- Task:
From the line that includes "So this program, what" to the last line of the records that follow, copy every line exactly and nothing more, omitting pictures.

- Data to process:
######
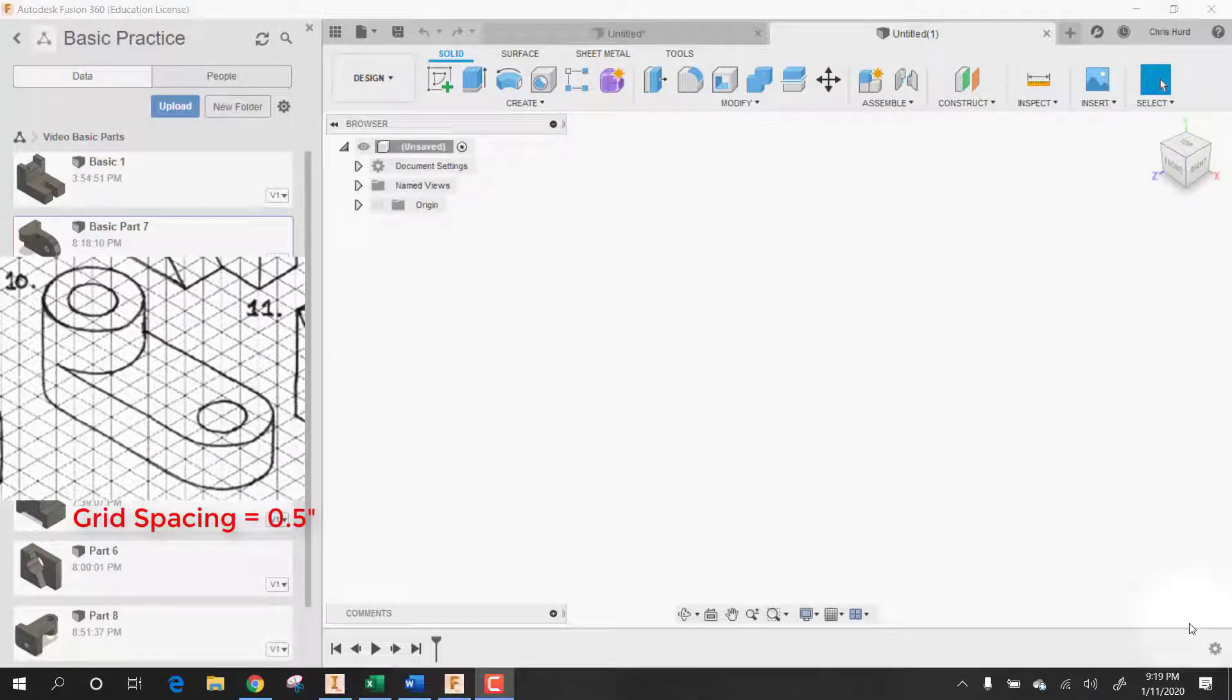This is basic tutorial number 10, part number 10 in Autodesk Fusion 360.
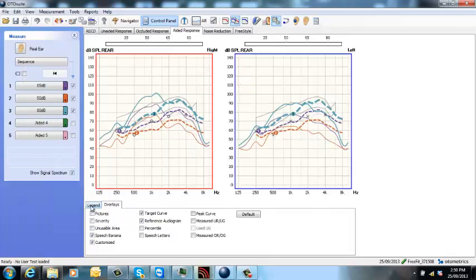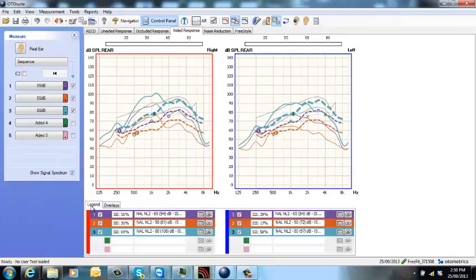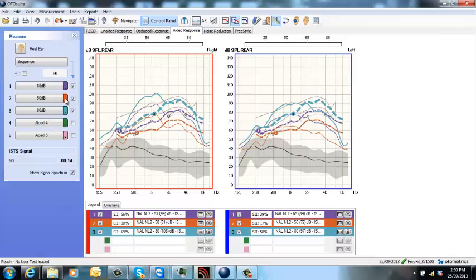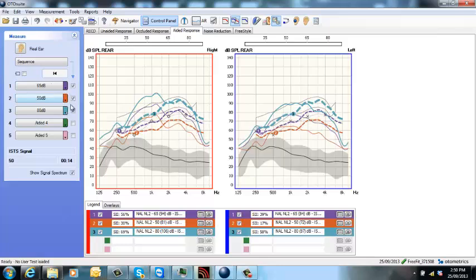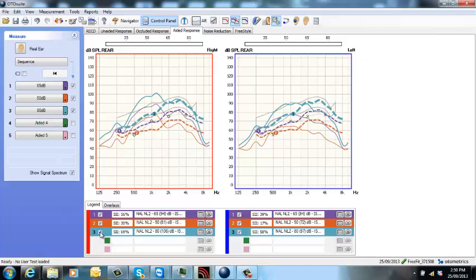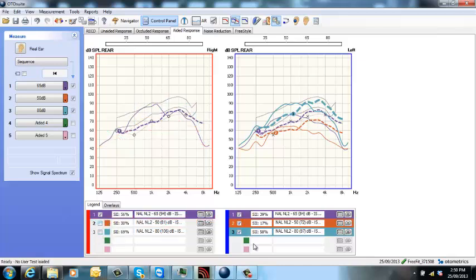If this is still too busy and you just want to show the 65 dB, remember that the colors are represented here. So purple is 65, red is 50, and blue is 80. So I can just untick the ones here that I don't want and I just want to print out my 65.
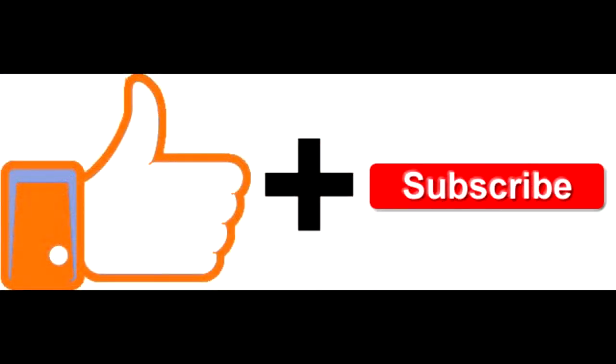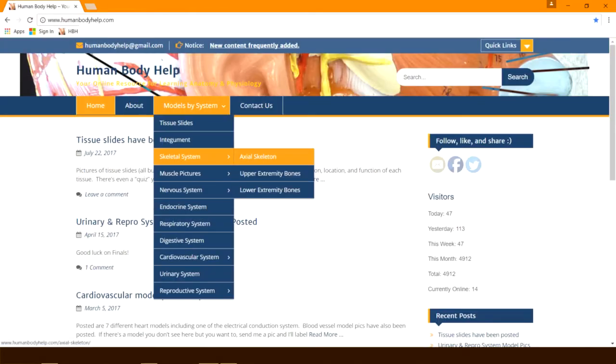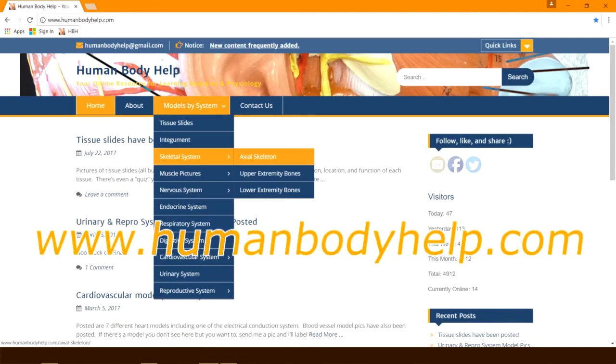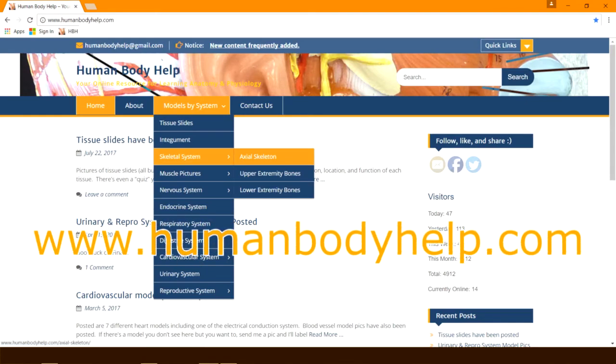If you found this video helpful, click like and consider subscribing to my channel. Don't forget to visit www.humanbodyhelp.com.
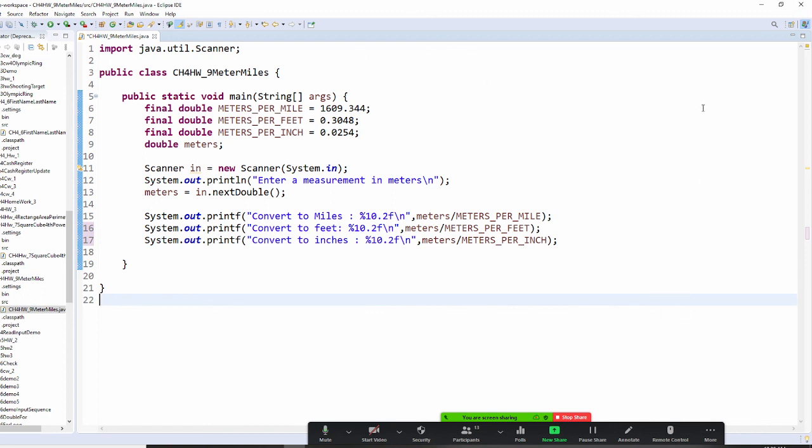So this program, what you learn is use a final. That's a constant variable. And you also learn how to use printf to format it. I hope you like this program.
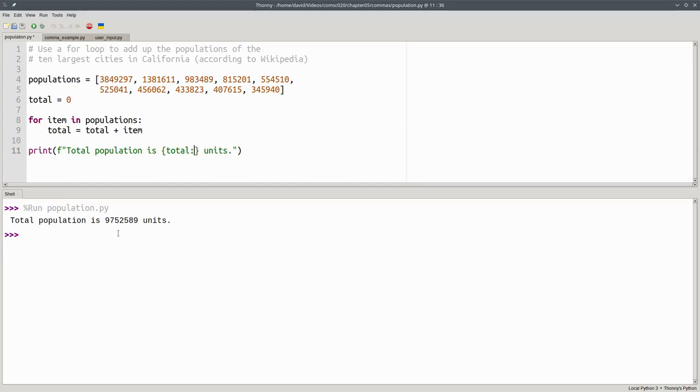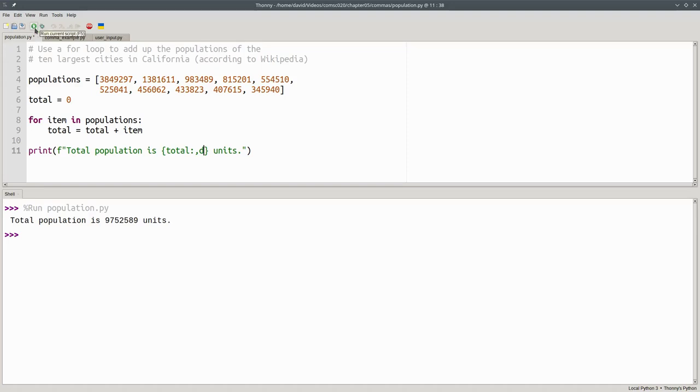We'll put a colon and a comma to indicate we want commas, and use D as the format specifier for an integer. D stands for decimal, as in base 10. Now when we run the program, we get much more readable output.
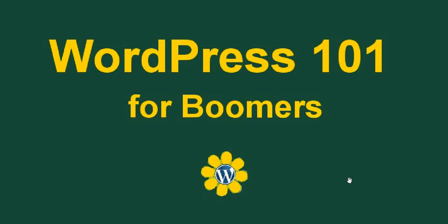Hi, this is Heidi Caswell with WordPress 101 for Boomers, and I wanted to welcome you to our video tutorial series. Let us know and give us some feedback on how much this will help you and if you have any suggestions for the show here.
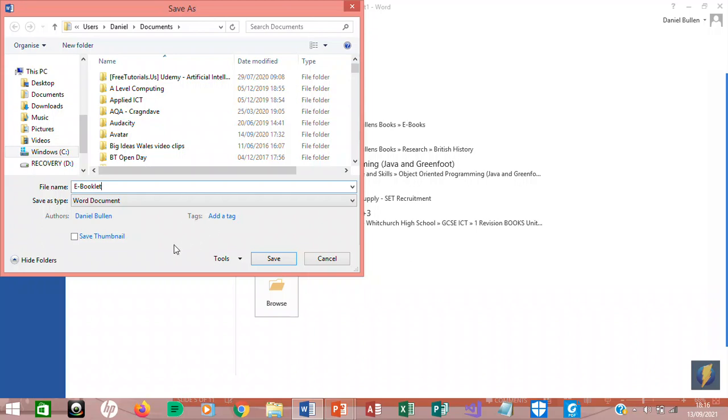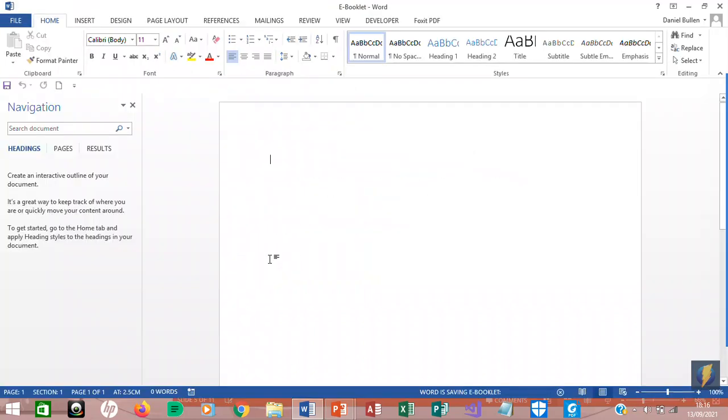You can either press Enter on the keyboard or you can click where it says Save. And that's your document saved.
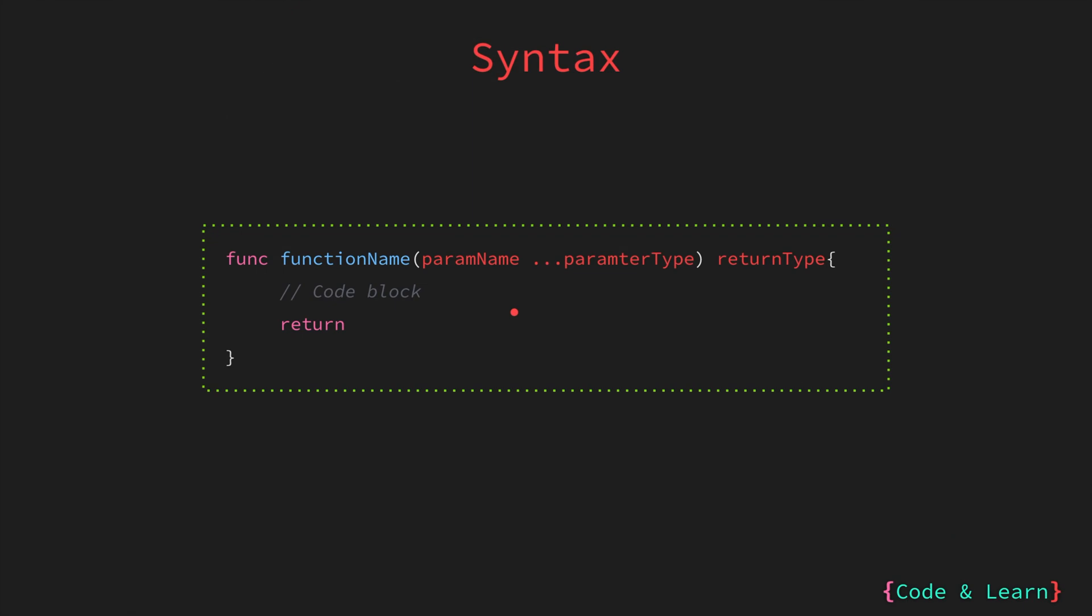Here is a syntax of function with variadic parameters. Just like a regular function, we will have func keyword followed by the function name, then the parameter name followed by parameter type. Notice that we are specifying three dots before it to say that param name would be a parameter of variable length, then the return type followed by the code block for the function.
######
- Task answer:
So this program, what you learn is use a final. That's a constant variable. And you also learn how to use printf to format it. I hope you like this program.
We'll put a colon and a comma to indicate we want commas, and use D as the format specifier for an integer. D stands for decimal, as in base 10. Now when we run the program, we get much more readable output.
Hi, this is Heidi Caswell with WordPress 101 for Boomers, and I wanted to welcome you to our video tutorial series. Let us know and give us some feedback on how much this will help you and if you have any suggestions for the show here.
You can either press Enter on the keyboard or you can click where it says Save. And that's your document saved.
Here is a syntax of function with variadic parameters. Just like a regular function, we will have func keyword followed by the function name, then the parameter name followed by parameter type. Notice that we are specifying three dots before it to say that param name would be a parameter of variable length, then the return type followed by the code block for the function.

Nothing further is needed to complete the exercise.